The placeholders [platform] and [tenant] need to be substituted with the platform name and the tenant name in all capitals, with hyphens (-) replaced by underscores (_). E.g. if the platform is np-aws-lz-dsh and the tenant name is my-tenant, the environment variable must be DSH_API_PASSWORD_NP_AWS_LZ_DSH_MY_TENANT.
DSH_API_PASSWORD_FILE_[platform]_[tenant] This environment variable specifies a file containing the secret API token/password for the client tenant.
The placeholders [platform] and [tenant] need to be substituted with the platform name and the tenant name in all capitals, with hyphens (-) replaced by underscores (_). E.g. if the platform is np-aws-lz-dsh and the tenant name is my-tenant, the environment variable must be DSH_API_PASSWORD_FILE_NP_AWS_LZ_DSH_MY_TENANT.
DSH_API_PLATFORMS_FILE Set this environment variable to override the default list of available platforms. The value of the environment variable must be the name of the alternative platforms file. It can either be an absolute file name, or a relative file name from the working directory of your application. When this environment variable is set, the normal list of default platforms will not be included. If you need these too, make sure that you also include the default platforms in your platforms file. The default platforms file can be found here.
[
  {
    "name": "np-aws-lz-dsh",
    "description": "Staging platform for KPN internal tenants",
    "alias": "nplz",
    "is-production": false,
    "cloud-provider": "aws",
    "access-token-endpoint": "https://auth.prod.cp-prod.dsh.prod.aws.kpn.com/auth/realms/dev-lz-dsh/protocol/openid-connect/token",
    "realm": "dev-lz-dsh",
    "public-domain": "dsh-dev.dsh.np.aws.kpn.com",
    "private-domain": "dsh-dev.dsh.np.aws.kpn.org"
  },
  ...
]
            
All these values are mandatory for each defined platform, except private-domain. When a private domain is not specified for a platform, do not include the attribute in the json object.
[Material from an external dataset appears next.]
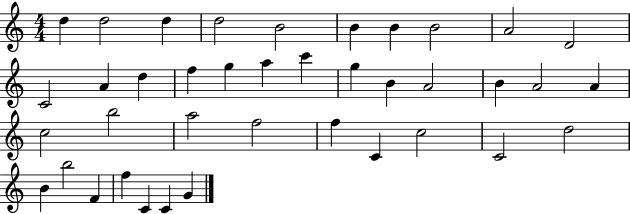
D5/q D5/h D5/q D5/h B4/h B4/q B4/q B4/h A4/h D4/h C4/h A4/q D5/q F5/q G5/q A5/q C6/q G5/q B4/q A4/h B4/q A4/h A4/q C5/h B5/h A5/h F5/h F5/q C4/q C5/h C4/h D5/h B4/q B5/h F4/q F5/q C4/q C4/q G4/q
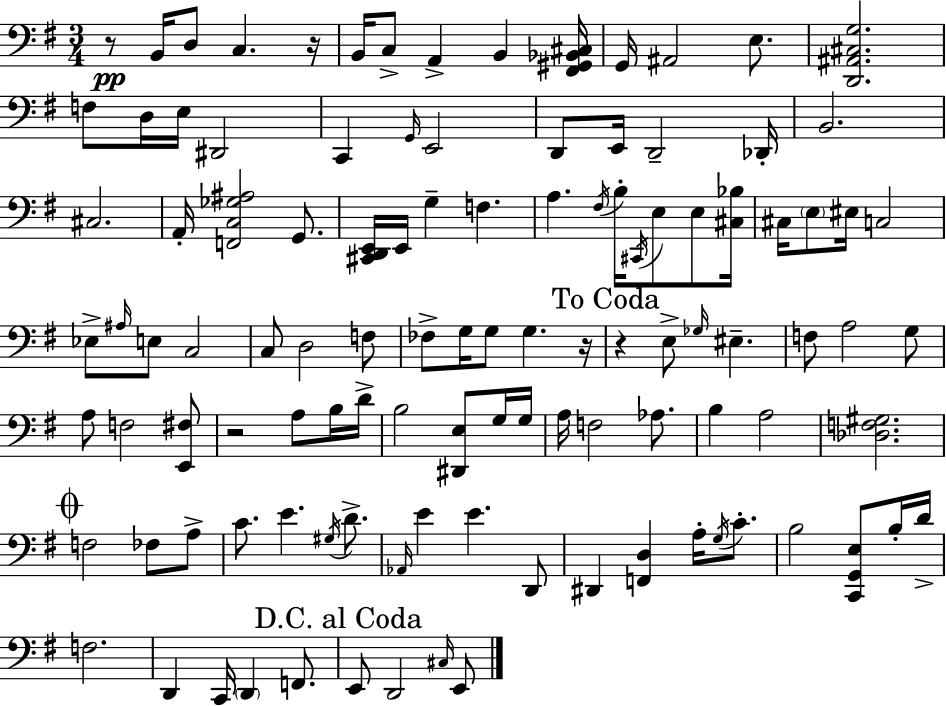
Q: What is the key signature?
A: G major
E.g., for tenant my-tenant at platform np-aws-lz-dsh, use:

> export DSH_API_PLATFORM=np-aws-lz-dsh
> export DSH_API_TENANT=my-tenant
> export DSH_API_PASSWORD_NP_AWS_LZ_DSH_MY_TENANT=..

Features

By enabling/disabling the features described below you have control over what's included in your library and what's not. All features are disabled by default. The following features are defined:

  • appcatalog - Enables the app catalog methods.
  • generic - Enables the generic methods.
  • manage - Enables the manage methods.
  • robot - Enables the robot operation.

Coding guidelines

Before pushing code to github, make sure that you adhere to the code formatting defined in rustfmt.toml and that you have run the clippy linter. The following commands should return without any remarks:

> cargo +nightly fmt --check
> cargo clippy

Consider configuring your IDE to automatically apply the formatting rules when saving a file.

Release

This library consists of two crates. The first one (dsh_api_build_helpers) is required as a build-dependency for the second one (dsh_api).

While developing it is convenient that dsh_api uses a local build dependency, but for publishing it is required that dsh_api only has dependencies to already published crates. This means that during development you should have the following build dependency in dsh_api/Cargo.toml:

[build-dependencies]
dsh_api_build_helpers = { path = "../dsh-api-build" }

When it is time to release, you first have to publish the dsh_api_build_helpers crate. Once this is ready, you must change the build dependency in dsh_api to the published crate:

[build-dependencies]
dsh_api_build_helpers = "0.5.2"

You can then normally test, build and publish the dsh_api crate to crates.io.